Kalyani Nagaraj

KK 

Kalyani Nagaraj, Ph.D.
LinkedIn: http://linkedin.com/in/kalyaninagaraj
GitHub: https://github.com/kalyaninagaraj/

A Brief Bio

Prior to joining Oklahoma State Univesity's School of Industrial Engineering and Management as an Assistant Professor in 2016, I was a Visiting Assistant Professor in the Department of Statistics at University Purdue University from 2014 to 2016. I graduated with a Masters and a Ph.D. in Industrial and Systems Engineering (Operations Research) from Virginia Tech in 2008 and 2014, respectively, and a Bachelors in Engineering from University of Pune in 2007.

Research Highlights

I. Learning Methods for Synthesizing Social-Contact Networks

We develop a networked epidemiology framework to understand how targeted containment strategies can ebb the tide of an influenza-like disease epidemic in densely populated urban regions like the National Capital Territory of Delhi, India. A key contribution of this work is a methodology for the synthesis of a realistic individual-based social contact network (specifically for Delhi) using a wide variety of open source and commercial data. New simulation-based techniques were developed to infer daily activities for individuals using aggregate data published in transportation science literature, human development surveys, and targeted local surveys. An annotated map of Delhi in Figure 1 illustrates the daily travel patterns of a typical three-member family generated by our algorithm.

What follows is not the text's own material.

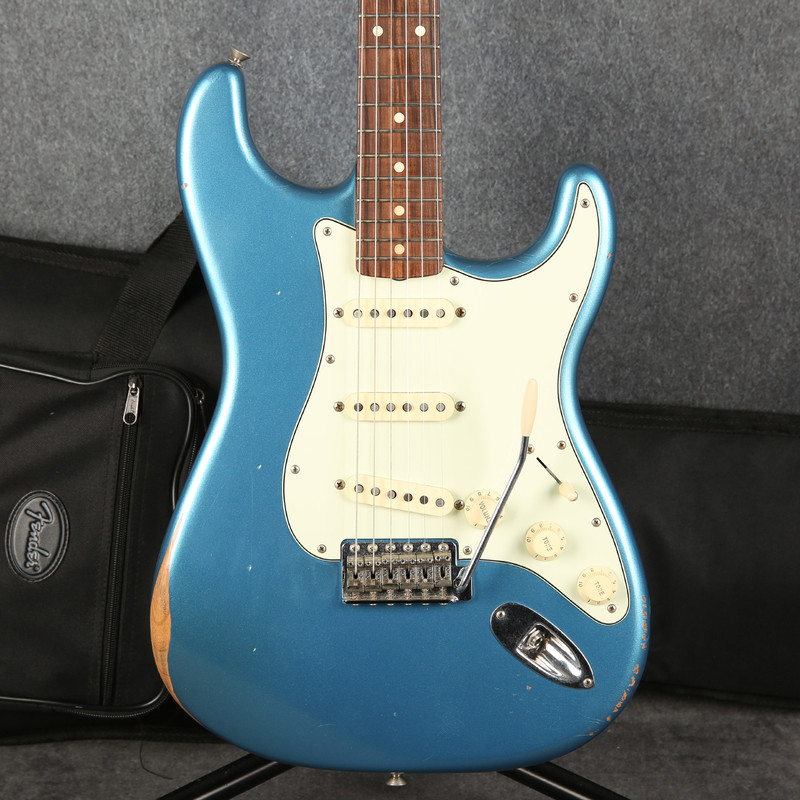 Fender Vintera Road Worn 60s Stratocaster - Lake Placid Blue - 2nd Hand Fender Vintera Road Worn 60s Stratocaster - Lake Placid Blue - 2nd Hand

Activities of a family in the synthesized population
Figure 1: Each member in this synthetically generated family has distinct travel “routes”, each marked with a different coloured line. The father's travel sequence – from home to work-place to another location and then back home – is marked in thick red lines. The mother (solid thin black lines) goes to the mall and then to work before heading back home. And their son travels only to school and back (dashed blue lines) on a typical weekday.


The family's activity times, travel times, geo-coordinate data, all of which are also synthesized from existing survey and census data, are then used to infer people-to-people contacts. A contact is said to occur between two persons if their times at a location overlap. The resulting social contact network is the first such network constructed for any urban region of India. This time varying, spatially explicit graph network has over 13 million people with more than 200 million person-to-person contacts. We test this network using a high performance agent-based simulation to study how an influenza-like illness would spread over Delhi, and how a combination of well-understood pharmaceutical and non-pharmaceutical containment strategies can contain a possible pandemic.

II. Simulation Optimization

Stochastic simulations are increasingly used to model complex, real-world systems like weather, financial markets, and emergency health care systems. The outcomes of these simulations (for example, the number of people that will be affected by an emerging pandemic) are naturally subject to uncertainty. Moreover, they often have no known functional form. The optimization questions that then arise (for example, how to minimize the casualty count in a pandemic with the right containment strategies), and the development of simulation-based methodology that brings about these desired efficiencies, has become a research area of great importance.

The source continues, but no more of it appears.